Straight Talk: Cathy Breden, CEO, CEIR
Growing up, Cathy Breden thought she would one day pursue a career in medicine, an aspiration her father hoped she would one day fulfill. But while putting herself through college, the Tampa, Florida native realized her life was meant to take a different path, one she would shape through trial and error.
“I did not have the stereotypical college experience many students have because I was focused on keeping my head above water,” Breden says. “My grades reflected how stretched I was. I was carrying a full load of classes [at Florida State University] and working part-time at the Florida Retail Federation, a part-time job that turned into a 30-hour job when I was promoted from an assistant to director of information, while still carrying a full load. I learned a lot from my time [there], primarily that I did not enjoy government relations.”
While in her last year at FSU, Breden began taking classes in a new nonprofit management program put on by the Florida Society of Association Executives and was awarded a scholarship. This led to her graduating with a Business Administration degree in Association Management, which helped her land a job at the Florida Medical Association in Jacksonville, where she and her college sweetheart and future husband had recently re-located post-graduation.
“It was with the FMA that I found my niche: working for an association that made a difference in people’s lives,” she says. “I worked with the public health directors around the state, and I found the work rewarding.”
Since then, Breden has never strayed from her dedication to the association industry, working at the New Jersey Academy of Family Physicians, then at the International Association of Exhibitions and Events (IAEE), where she has worked for almost two decades and currently serves as its executive vice president and COO, alongside her leadership role at the Center for Exhibition Industry Research (CEIR), as its CEO.
TSNN had the chance to sit down with Breden to see how she and her teams have been navigating the past couple of years, what’s next on the horizon for CEIR, and what she believes will be essential for associations and trade shows as they continue their journey toward a full comeback.
What have been the biggest challenges CEIR has had to navigate during the past two years?
CEIR is a research foundation that exists through donations and pledges, and its purpose is to conduct primary research on the B2B exhibitions industry. We halted all fundraising activities in 2020 and have just recently begun soliciting again. Fortunately, CEIR had a healthy reserve fund that got us through. We were also fortunate that we had pandemic coverage for the 2020 CEIR Predict Conference.
How did your organization change during COVID and what have been the most valuable lessons/takeaways from the experience?

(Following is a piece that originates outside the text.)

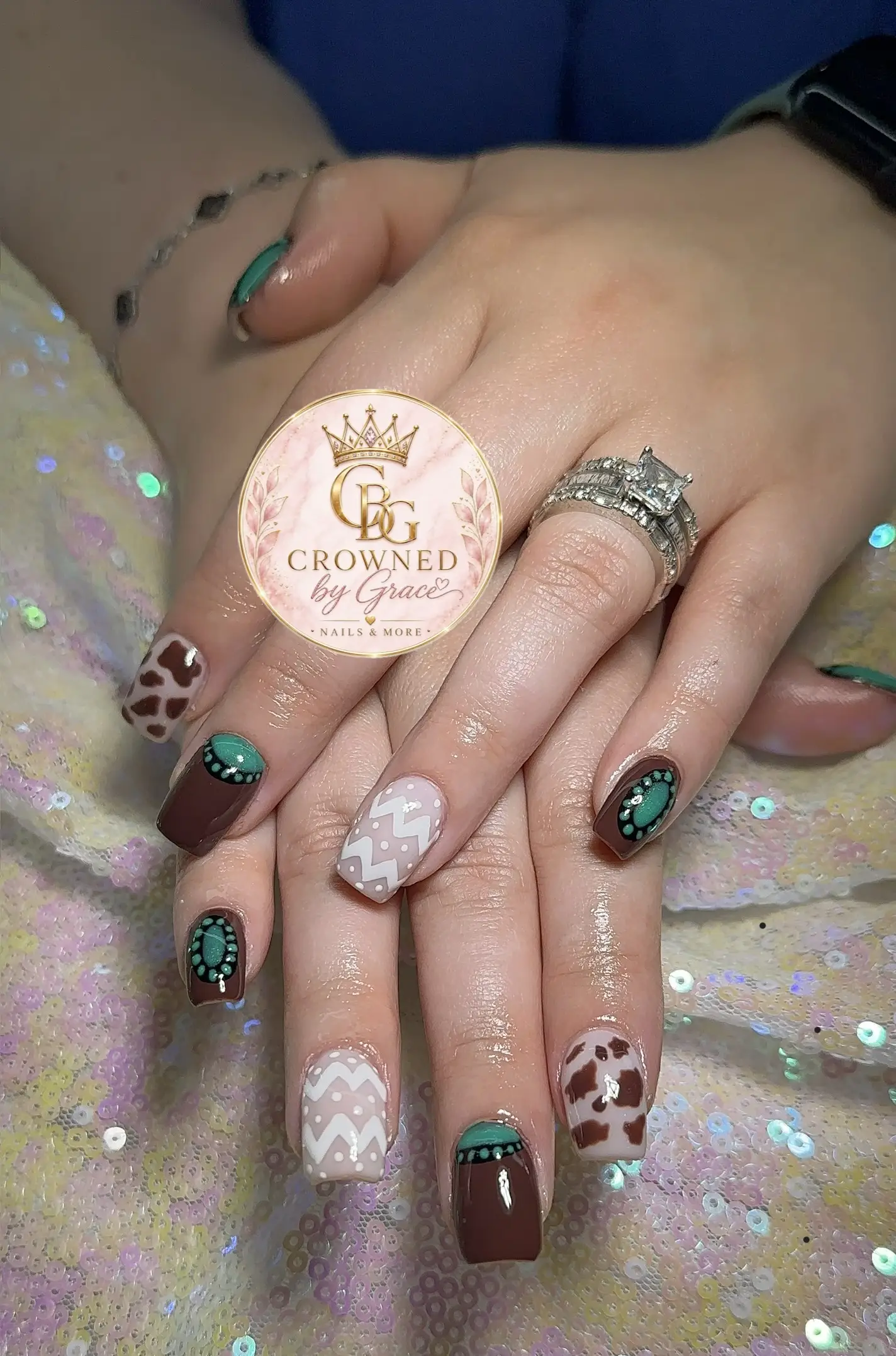Work by Toxica Beauty Bar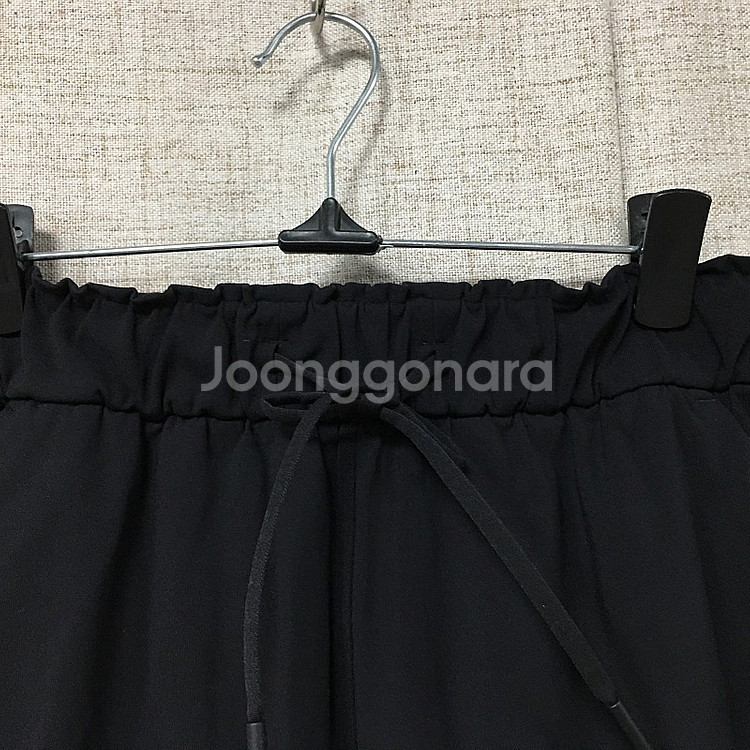 룰루레몬 밴딩 숏 팬츠 4--1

CEIR normally publishes the CEIR Index Report in the March/April timeframe each year, providing a look at the previous year’s performance, along with a three-year forecast. We did not publish it in 2021 for obvious reasons. The research calendar that had been created by our research council was set aside and the council quickly pivoted, just like everyone else. We adapted and quickly started conducting COVID Pulse Polls. In fact, one was just released on Feb. 16, along with a webinar revealing the results.

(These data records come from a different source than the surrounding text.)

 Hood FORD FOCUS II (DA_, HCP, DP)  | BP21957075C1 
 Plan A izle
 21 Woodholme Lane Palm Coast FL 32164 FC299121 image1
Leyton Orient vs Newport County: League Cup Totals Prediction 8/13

How will CEIR’s annual Predict Conference look different going forward?
Post-COVID, I hope we can get past the mask and vaccine requirements. The content for Predict – looking out 3-5 years at trends that may impact exhibitions and bringing a unique learning experience – won’t change.

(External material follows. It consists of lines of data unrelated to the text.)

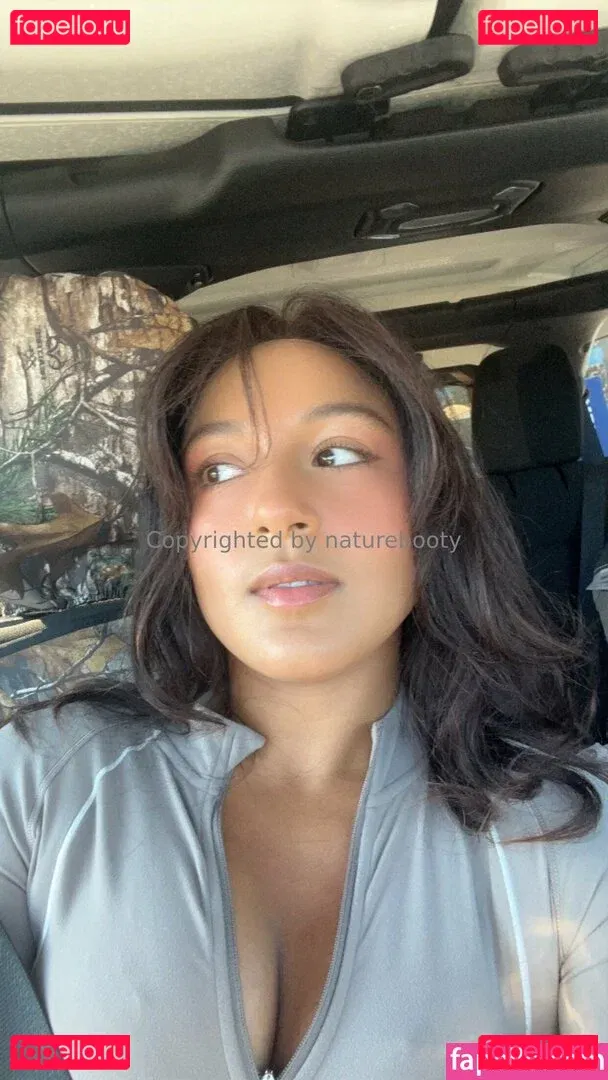 Naturebooty Onlyfans Photo Gallery 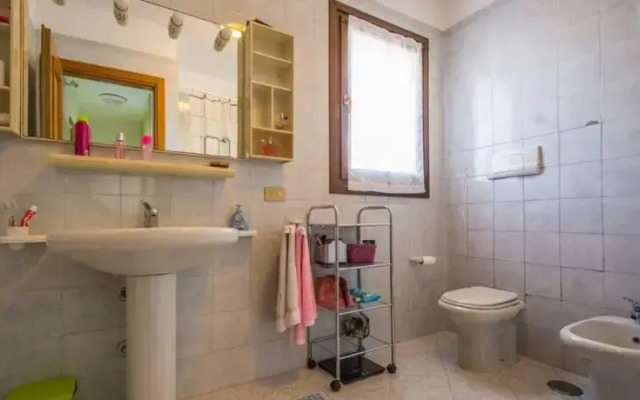 Casa Letizia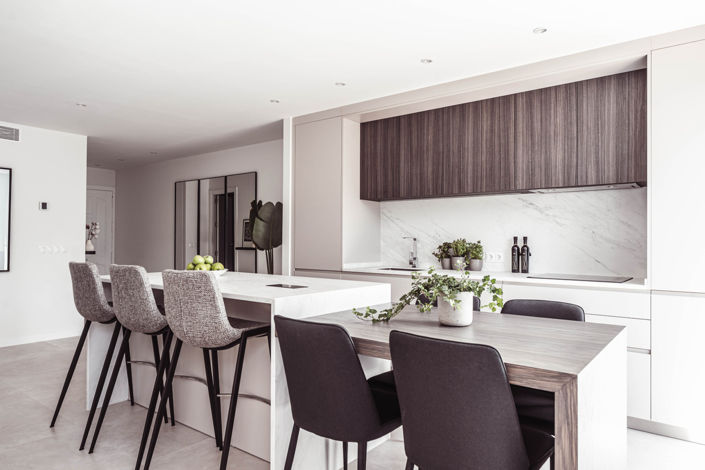 Image No.4-Maison de ville de 3 chambres à vendre à Nueva Andalucia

How do you think the industry will be most changed moving out of the pandemic?
That’s the big question. Most shows are experiencing lower attendance, but high scores from exhibitors for the quality of buyer. CEIR’s Omnichannel Marketing Study revealed that 94% of exhibitors who responded have plans to exhibit in 2021/2022. Of attendees who responded, 87% indicated they have plans to return.
Will attendees return at the same rate pre-COVID? How will organizers adapt, if they don’t return? Associations especially will need to adapt, as a large portion of the revenue comes not just from the show, but from attendees, as well. This is where the content strategy, and digital strategy, come into play. Everyone needs to have a strategy for both.
What did you learn most about yourself during this challenging time?
I love to travel. My visits to other countries opened my eyes to other cultures and the importance of building business relationships and partnerships. If we understand and care for one another, and work together, the world will be a safer place.
What kind of self-care has been key for your mental health during these past two years and why?
I started doing Reformer Pilates the year before the pandemic. Exercise has kept me sane, and more healthy than I would have been otherwise. This is “my” time and I guard it to the extent I that can.
What do you like most about working in the associations and events industries?
I enjoy working for associations where I believe in their core mission. I enjoy being a small part of fulfilling their missions, including at IAEE and CEIR. What I love is the people and the friendships I’ve made that will be with me regardless of where I work.